— Exercise input —
[Start of section]
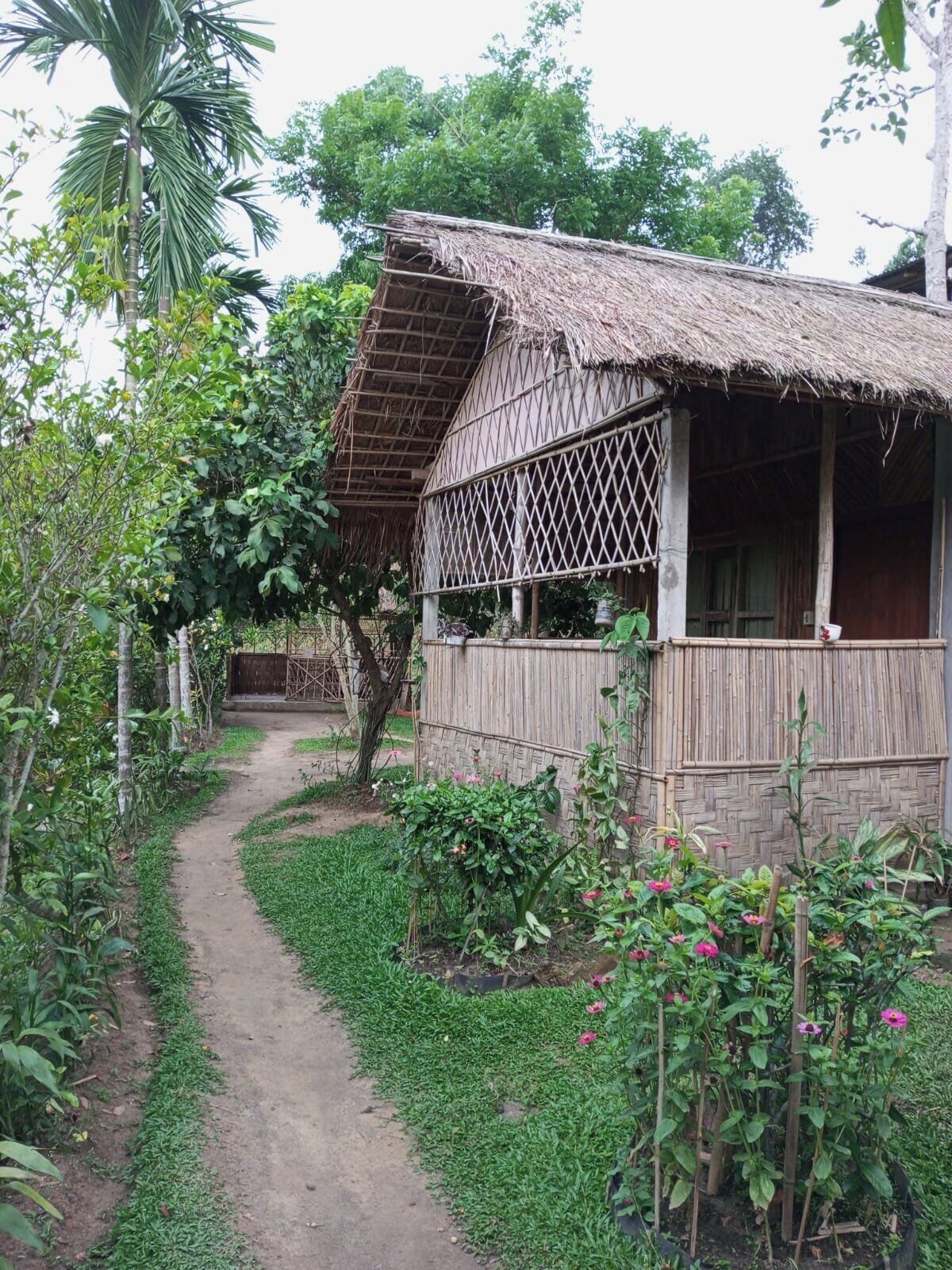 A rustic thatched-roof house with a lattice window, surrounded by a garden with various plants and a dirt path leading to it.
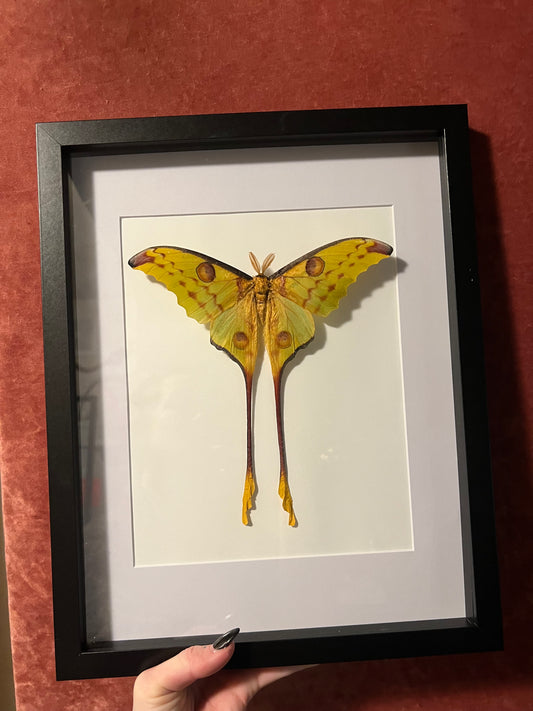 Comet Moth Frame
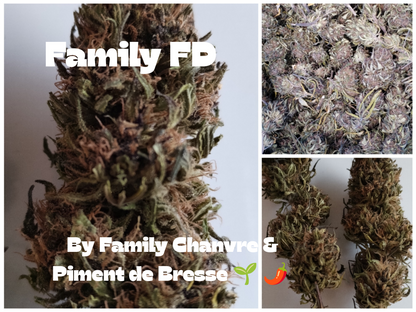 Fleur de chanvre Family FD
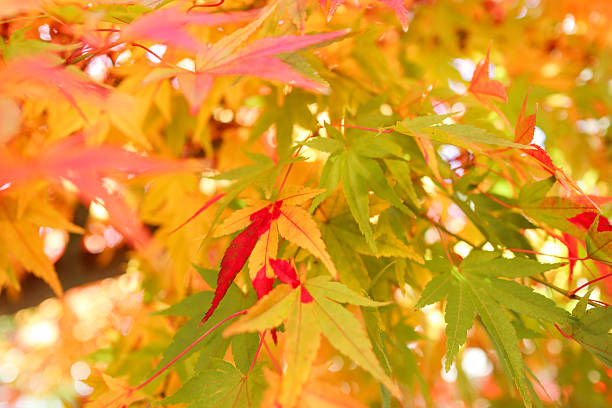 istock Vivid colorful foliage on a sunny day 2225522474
[End of section]
[Start of section]
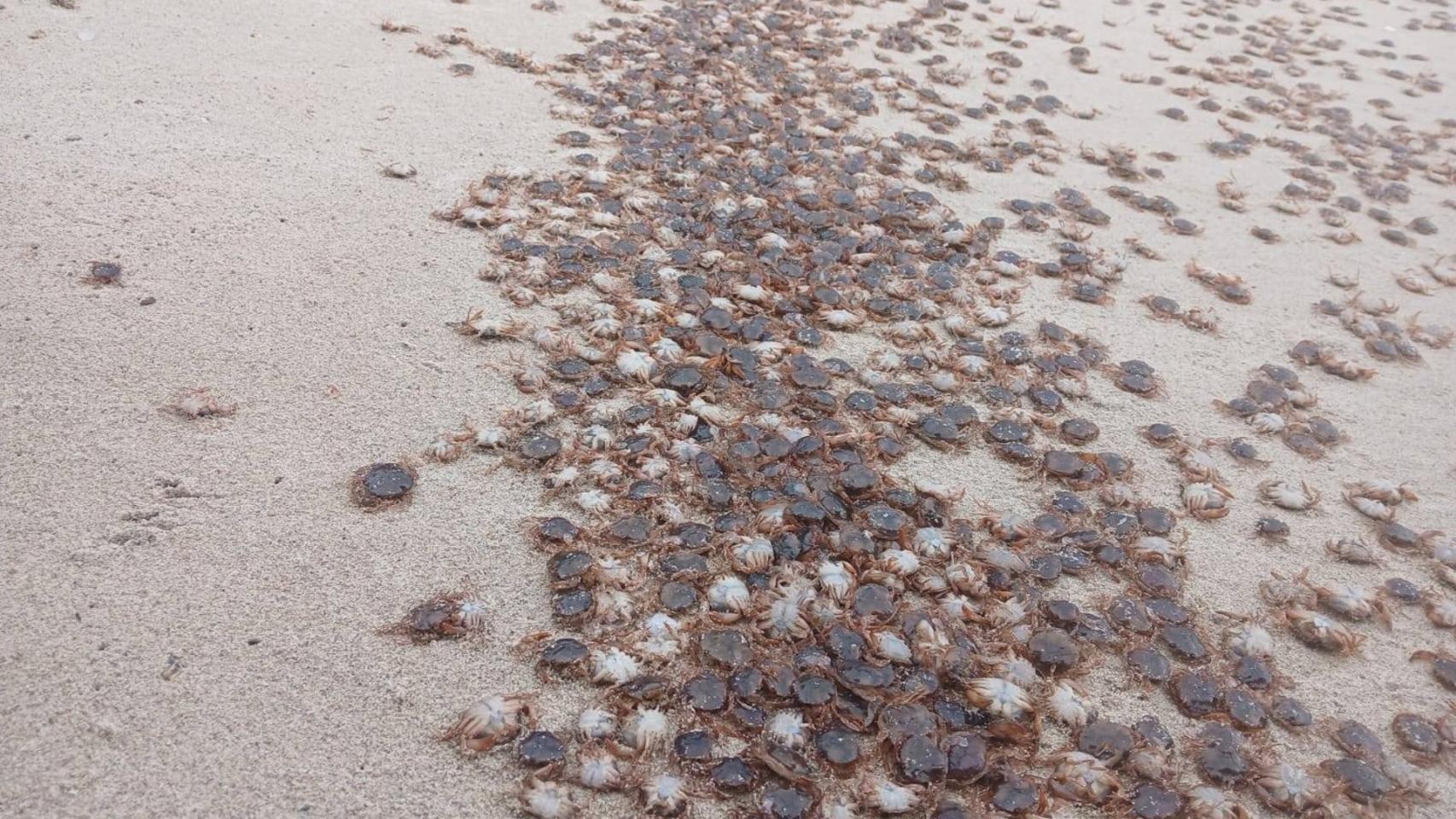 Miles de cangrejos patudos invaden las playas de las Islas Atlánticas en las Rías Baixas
[End of section]
— Work item —
Pictures do not belong in the answer. Return the lines above starting at the one with "Comet Moth Frame" and ending at the one with "istock Vivid colorful", both kept, exactly.

— Task result —
 Comet Moth Frame
 Fleur de chanvre Family FD
 istock Vivid colorful foliage on a sunny day 2225522474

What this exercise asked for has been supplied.